### TASK INSTRUCTIONS
Repeat, line for line, the entries below from the first line to the line containing "Two individuals stand", counting both ends.

BEGIN DATASET EXCERPTS

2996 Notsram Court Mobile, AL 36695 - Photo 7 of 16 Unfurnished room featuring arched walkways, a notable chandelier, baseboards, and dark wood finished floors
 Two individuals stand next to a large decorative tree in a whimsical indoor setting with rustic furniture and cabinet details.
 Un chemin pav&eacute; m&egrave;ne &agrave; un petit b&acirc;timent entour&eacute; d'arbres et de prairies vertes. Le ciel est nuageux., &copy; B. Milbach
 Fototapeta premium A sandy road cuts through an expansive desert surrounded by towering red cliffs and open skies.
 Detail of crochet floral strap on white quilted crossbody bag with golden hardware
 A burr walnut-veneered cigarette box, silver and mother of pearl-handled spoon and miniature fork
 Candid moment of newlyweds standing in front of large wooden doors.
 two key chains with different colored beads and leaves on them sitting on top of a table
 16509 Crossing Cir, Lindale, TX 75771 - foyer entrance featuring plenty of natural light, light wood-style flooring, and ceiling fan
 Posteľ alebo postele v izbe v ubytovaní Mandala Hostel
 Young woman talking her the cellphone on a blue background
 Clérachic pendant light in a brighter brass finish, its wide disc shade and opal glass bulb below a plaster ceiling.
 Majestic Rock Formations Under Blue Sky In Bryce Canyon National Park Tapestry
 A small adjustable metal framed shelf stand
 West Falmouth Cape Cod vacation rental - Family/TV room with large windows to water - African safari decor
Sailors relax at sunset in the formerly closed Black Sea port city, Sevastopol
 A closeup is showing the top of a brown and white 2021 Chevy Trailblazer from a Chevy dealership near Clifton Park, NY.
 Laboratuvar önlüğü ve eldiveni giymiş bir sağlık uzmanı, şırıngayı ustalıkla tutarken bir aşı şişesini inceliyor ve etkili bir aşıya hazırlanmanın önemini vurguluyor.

END DATASET EXCERPTS

### ANSWER SPACE
2996 Notsram Court Mobile, AL 36695 - Photo 7 of 16 Unfurnished room featuring arched walkways, a notable chandelier, baseboards, and dark wood finished floors
 Two individuals stand next to a large decorative tree in a whimsical indoor setting with rustic furniture and cabinet details.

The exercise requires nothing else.